Upon Alexander’s death, though, the widespread nature of Greek civilization gave way to the so-called Hellenistic Period. Under Alexander, Greek cities had diminished in importance to Greek culture, sharing their influence over the social, economic, and intellectual world with new additions such as Alexandria and Rhodes.

The world became more Greek, but Greece in turn became worldlier, and especially more Persian. It would not be so centralized again until the fall of the Roman Empire in the West left Constantinople as the capital of the Byzantine Empire.

In the meantime even Roman-controlled areas became more and more Hellenized. Greek was the language of trade and culture, the common tongue necesary for travelers. Palestine became strongly Hellenized, to the extent that Greek forms of names displaced the Semitic originals—with Yeshua becoming Jesus, for instance. More and more Jewish leaders feared that their people would lose their identity.

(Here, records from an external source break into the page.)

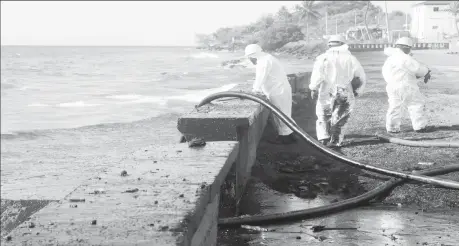  ?? ?? Workers of Oil Mop Environmen­tal Services (OMES) suction oil from a spill at Magdalena Grand Resort, in Tobago Island, Trinidad and Tobago, February 16, 2024. REUTERS/Clement George Williams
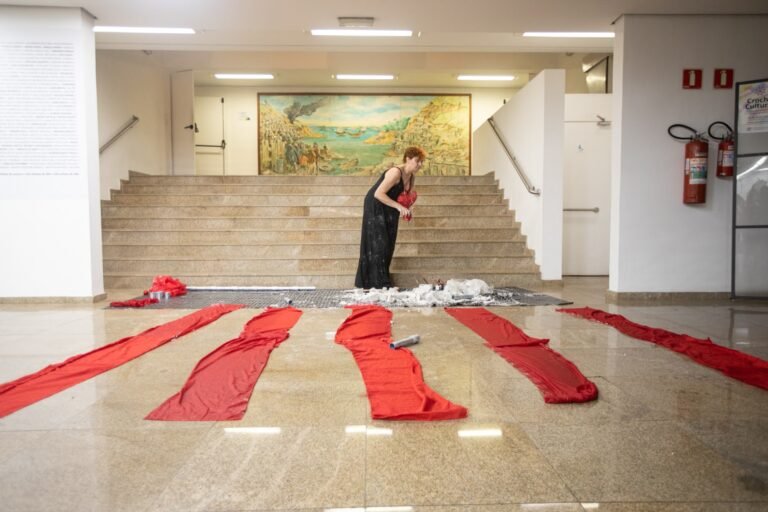 Faixas de tecido vermelho estendidas no chão do saguão, com Kareen Labbé Weber ao pé da escadaria, sob o grande painel pintado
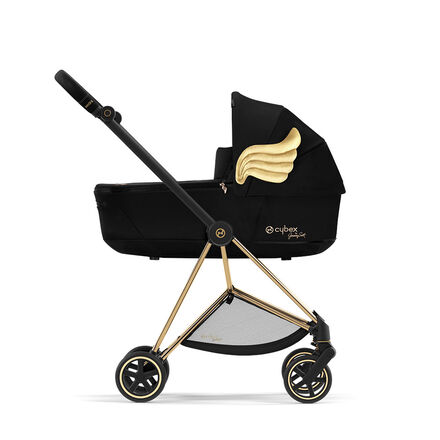 Black pram by Jeremy Scott Wings with gold wings and accents.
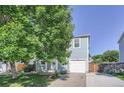 Charming two-story home featuring blue siding, a one car garage and mature trees at 1272 Bluebird St, Brighton, CO 80601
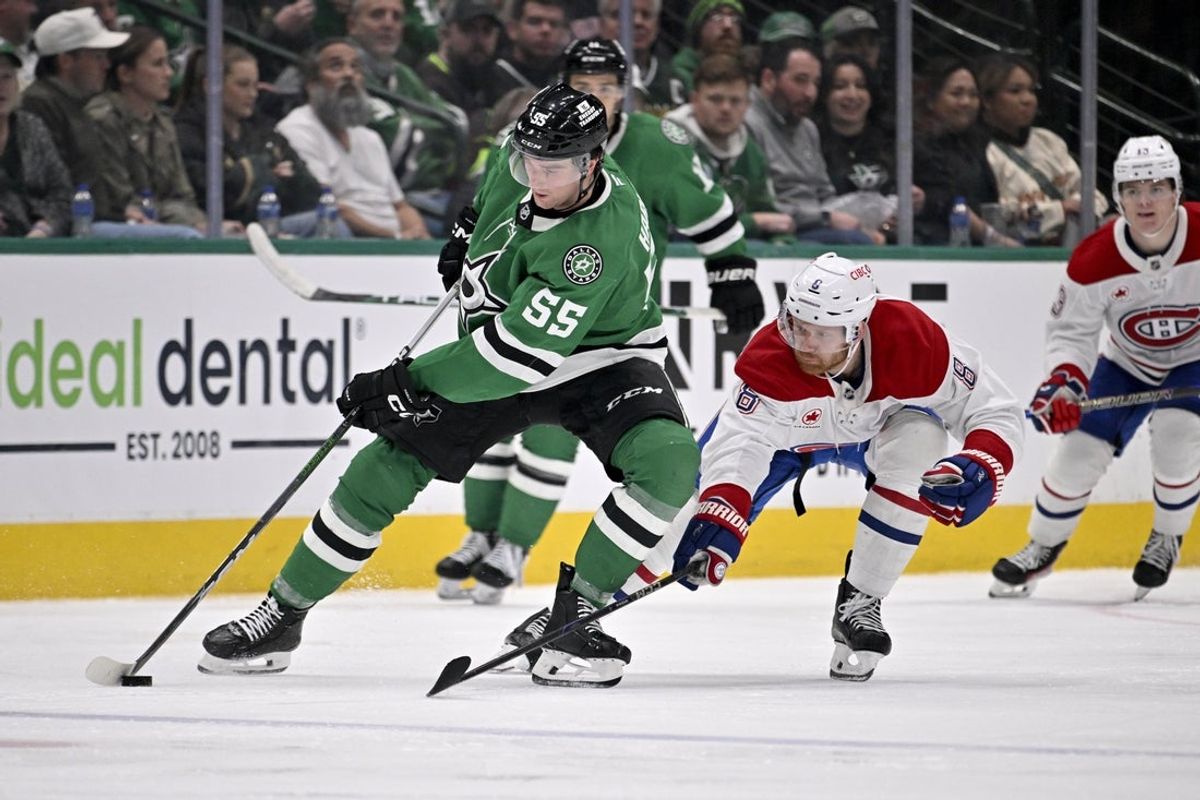 Jan 16, 2025; Dallas, Texas, USA; Dallas Stars defenseman Thomas Harley (55) skates with the puck in front of Montreal Canadiens defenseman Mike Matheson (8) during the third period at the American Airlines Center. Mandatory Credit: Jerome Miron-Imagn Images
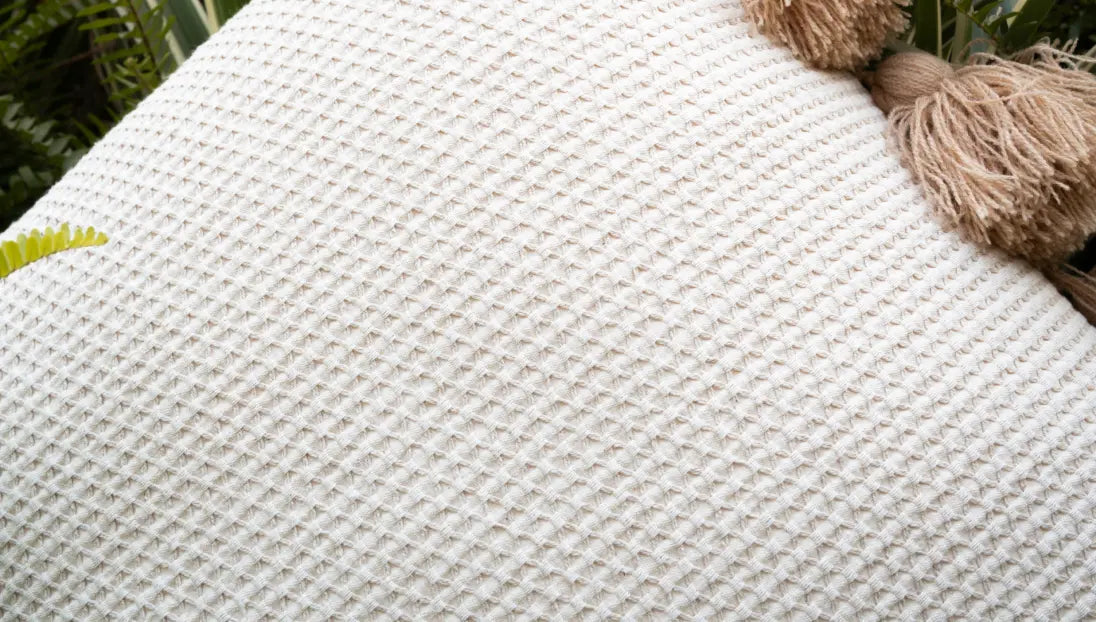 Close-up of a textured Waffle cushion cover with a tassel on a blurred natural background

Many Jewish practices and movements in antiquity were thus responses to Hellenization, whether they were revolutionary movements that sought to restore Jewish self-governance and an exclusivity of culture or syncretic sects that blended traditional Jewish religion with pagan elements.

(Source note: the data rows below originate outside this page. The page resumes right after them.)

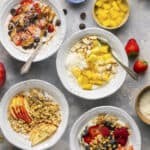 Peanut butter chocolate, tropical, apple pie and classic berry yogurt bowls made and ready to eat with spoons.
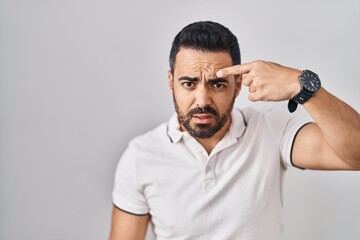 Sticker - Young hispanic man with beard wearing casual clothes over white background pointing unhappy to pimple on forehead, ugly infection of blackhead. acne and skin problem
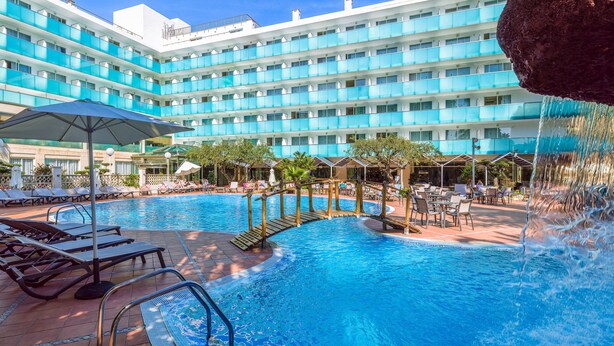 A hotel with a large pool area, multiple lounge chairs, and a waterfall feature. - H10 Delfín - Adults Only (Salou)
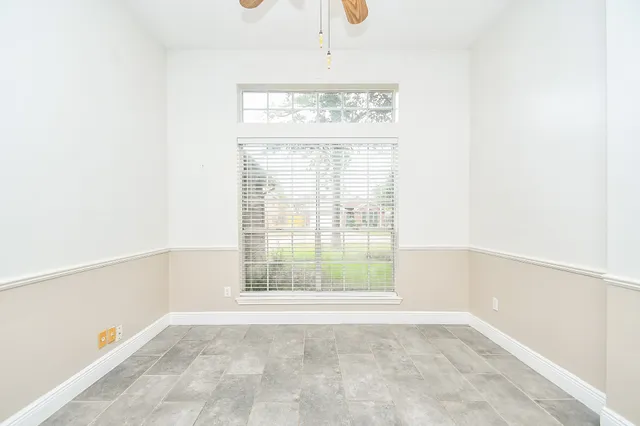 a kitchen with stainless steel appliances granite countertop a sink a stove cabinets and a living room view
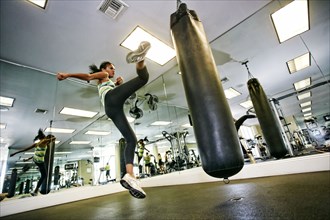 Mixed race woman kicking punching bag in gymnasium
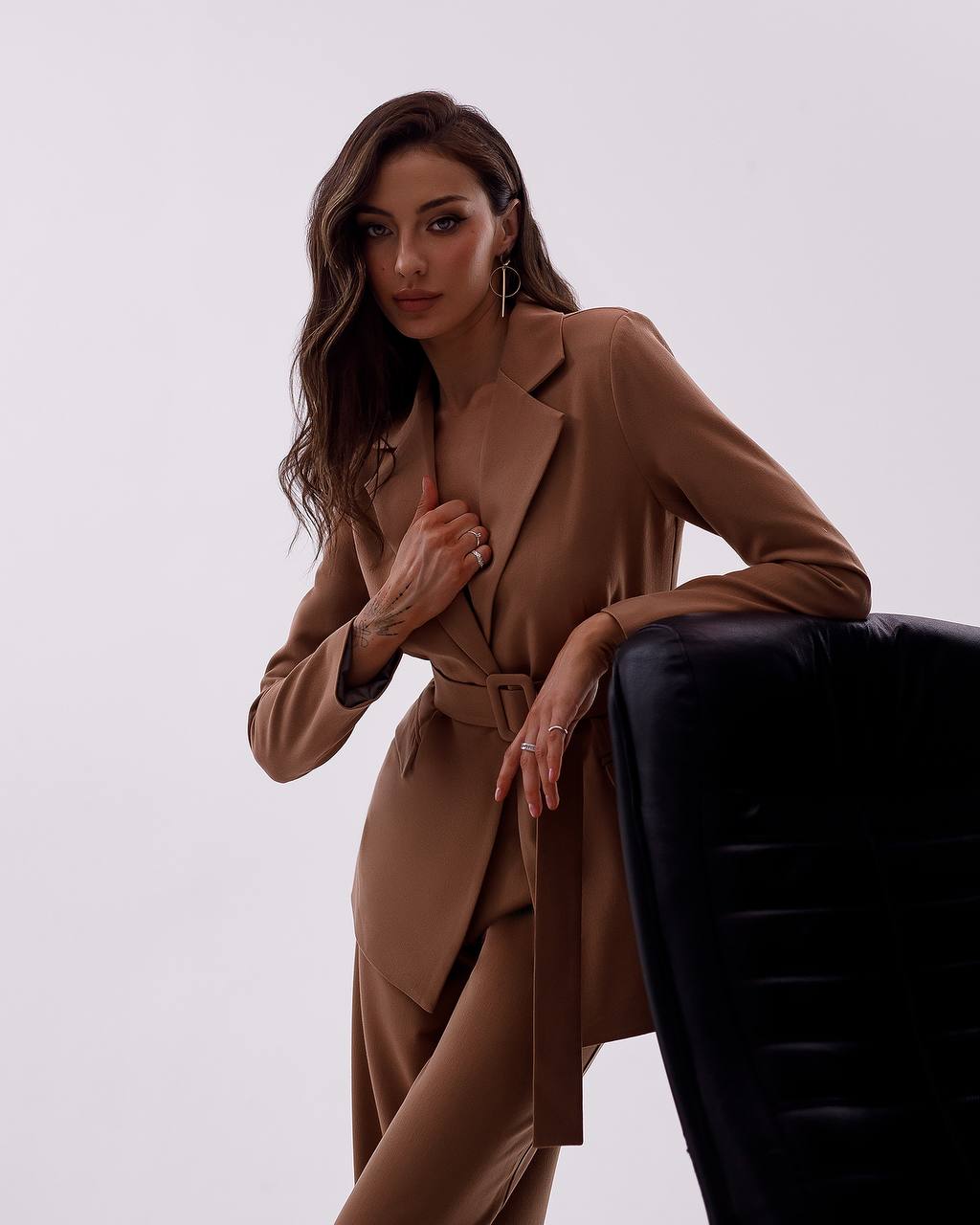 Woman wearing a brown coat leaning against a black chair on a white background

Whatever Jesus (Christ) of Nazareth’s contact with Greek culture, Christianity became extremely Hellenized in the wake of his death. The New Testament was written in Greek, and many early Christians were proselytes, Greek-speaking Gentiles who followed Jewish cultic practices without converting.

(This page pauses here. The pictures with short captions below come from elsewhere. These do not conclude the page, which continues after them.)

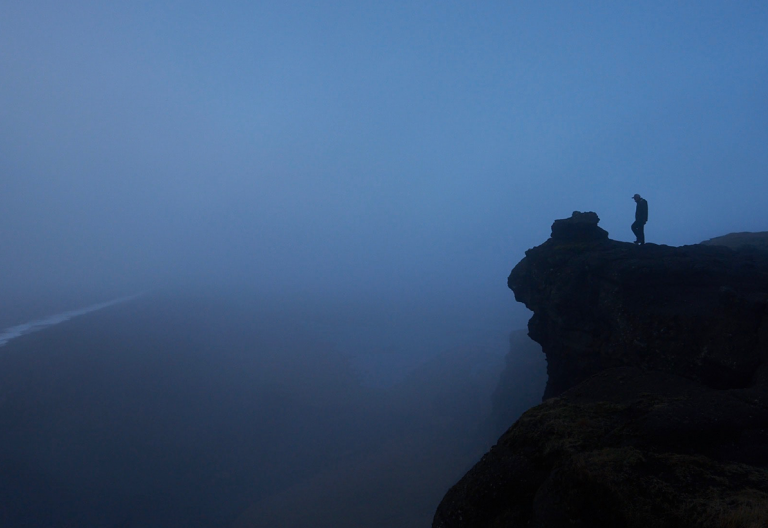 a person standing on top of a cliff on a foggy day.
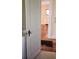 Hallway featuring hardwood floors and view into adjacent room at 1385 Womack Ave, Atlanta, GA 30344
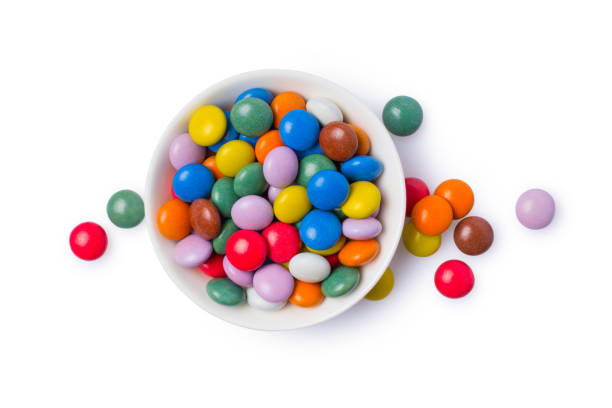 Chocolate multicolored glaze dragee or candies in bowl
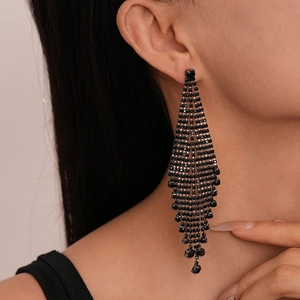 Close-up of black long tassel earrings with sparkling rhinestones worn by a model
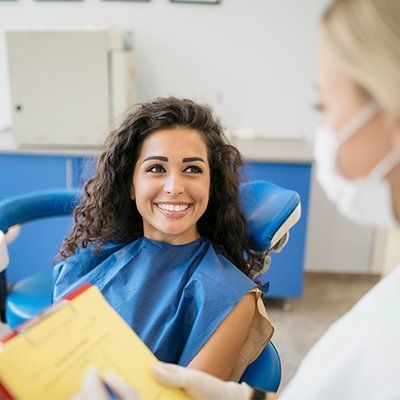 Woman Smiling To Dentist — Newton, SA — Arena Dental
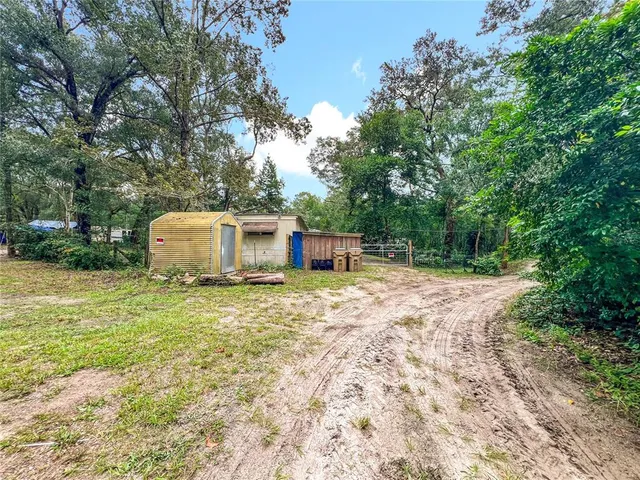 a backyard of a house with a garden and deck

The sophistication of Pauline theology, the Johannine books (the Gospel and Revelation of John), and the writings of the early apostolic fathers up to and including Augustine of Hippo were deeply influenced by Greek philosophy and the Hellenized intellectual climate of the Roman Empire.

The concept of Logos so central to Johannine Christology—the Gospel of John states in its first verse, "in the beginning was the logos, and the logos was with God, and the logos was God"—was not simply a Greek word which loses significance in translation (commonly translated as "word", it also means logic, reason, principle, and thought), but a well-explored concept in Greek philosophy.

Heraclitus had used it in reference to the order and rationality of the universe, and Aristotle, in developing his system of logic. The Stoics, who may have influenced Jesus or his followers and certainly had much in common with them, formulated logos as the engine of creation, the underlying force that gave life to existence.

After the fall of Rome the Byzantine Empire identified itself strongly as a Hellenic Christian empire: ethnically Greek, religiously Christian, and the inheritors of both classical Greek culture and the Roman right of rule.

Surrounded by Persian and, later, Muslim enemies, it underwent several periods of Hellenic revival, with "Greek" and "Christian" increasingly associated together—the final step in the long history of Hellenization.